#### Assigned task:
The full listing, exactly as written and with no images, is the expected output.

#### Given material:
------------

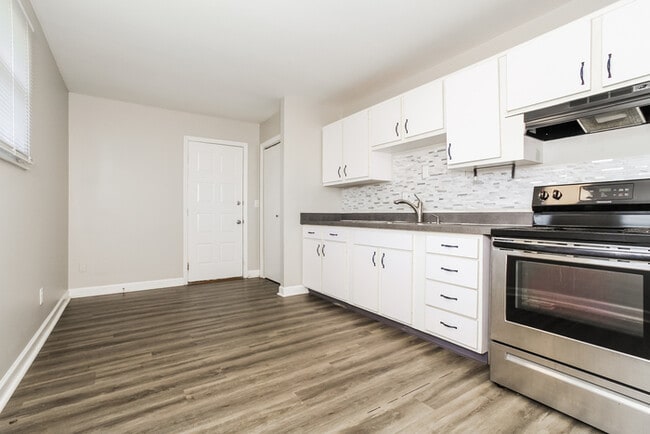 Photo - 10038 Windswept Ln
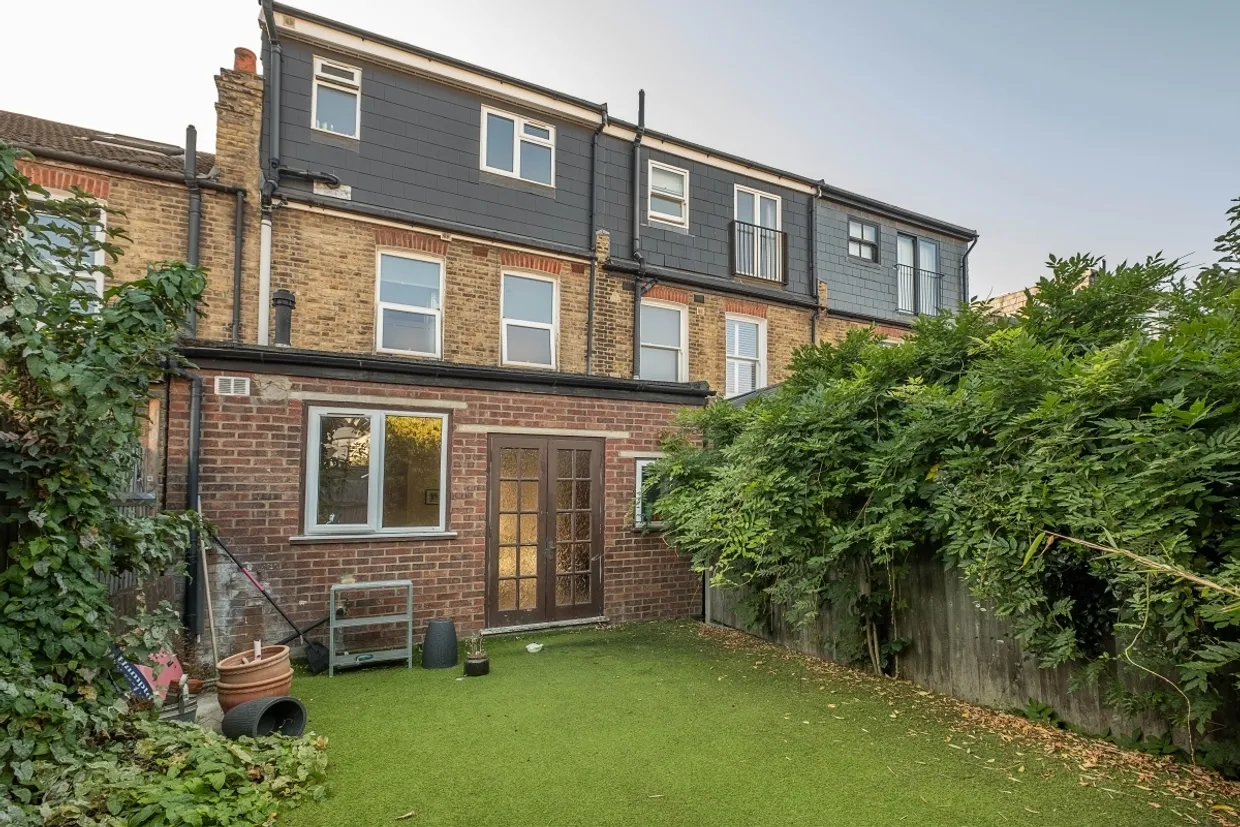 Aldren Road Earlsfield SW17 photo 2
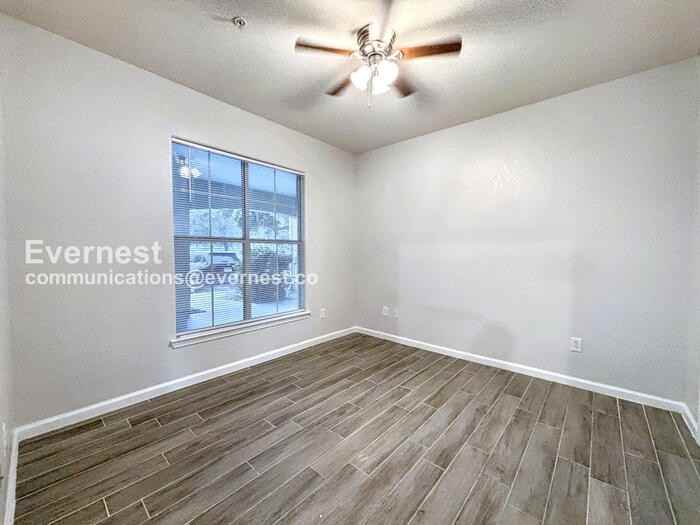 8290 Gate Pkwy W #117 - Photo 5 of 14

------------

#### Response to the task:
 Photo - 10038 Windswept Ln
 Aldren Road Earlsfield SW17 photo 2
 8290 Gate Pkwy W #117 - Photo 5 of 14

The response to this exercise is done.